---------- COLLECTED DATA ----------

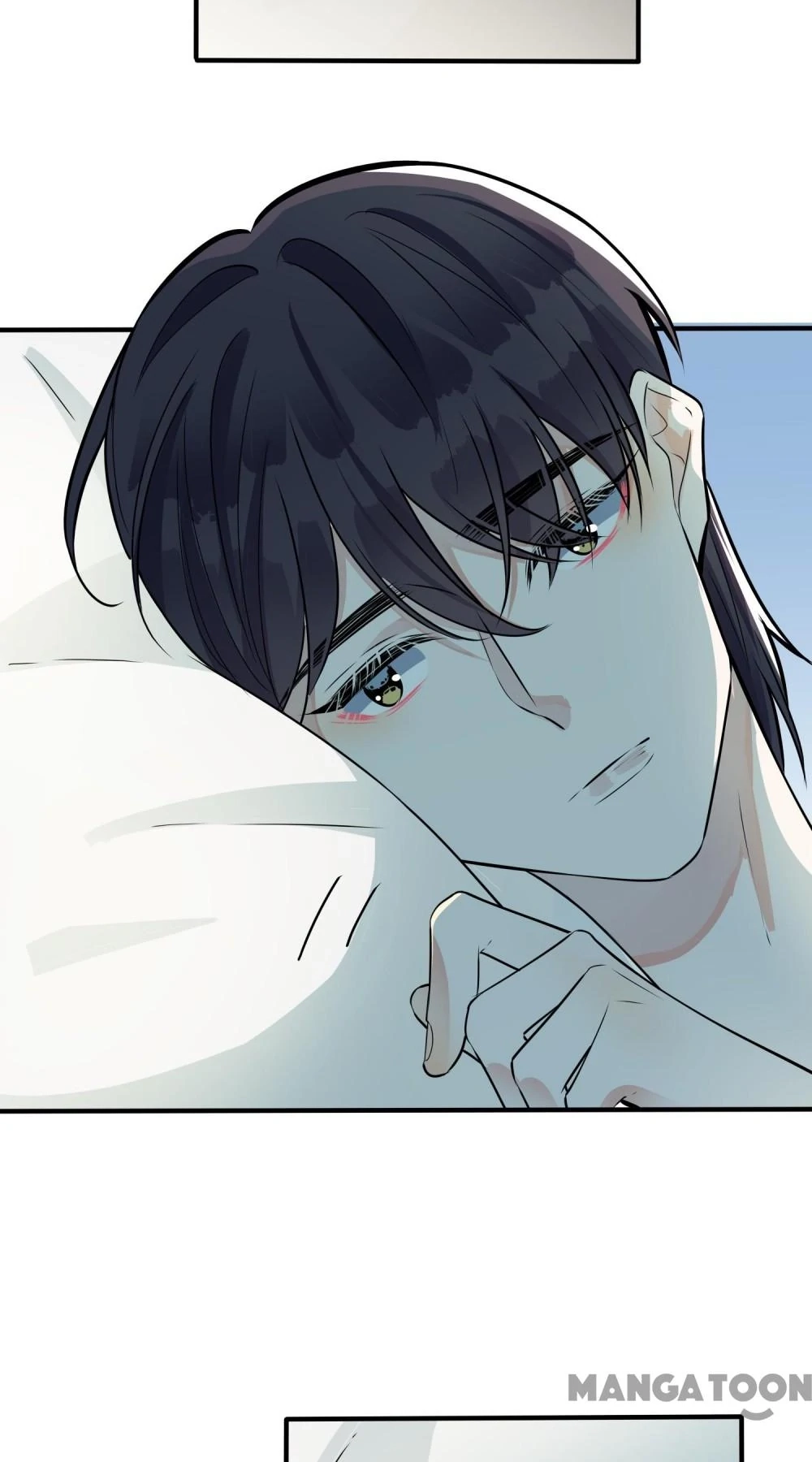 Domestication Chapter 92 page 8 - 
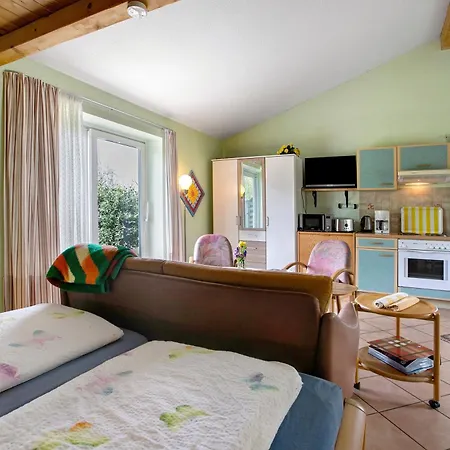 Apartamento Eulenhof 1 *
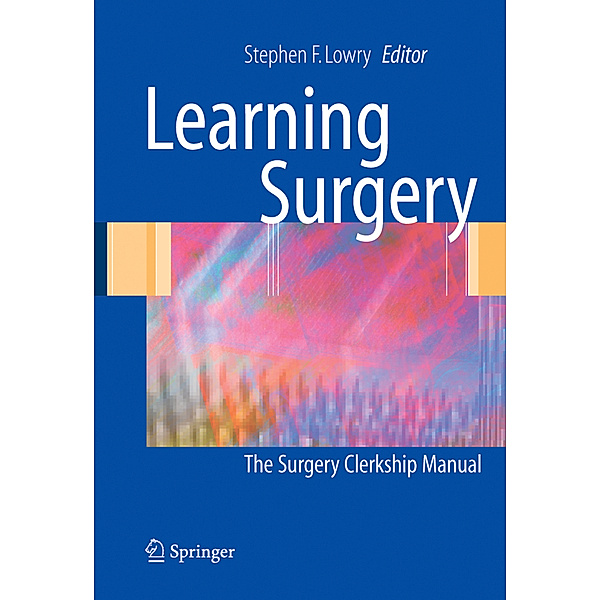 Learning Surgery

----------

## GOAL OF THE EXERCISE:
Restate the whole listing above exactly, please, omitting every image.

## FINAL ANSWER:
 Domestication Chapter 92 page 8 - 
 Apartamento Eulenhof 1 *
 Learning Surgery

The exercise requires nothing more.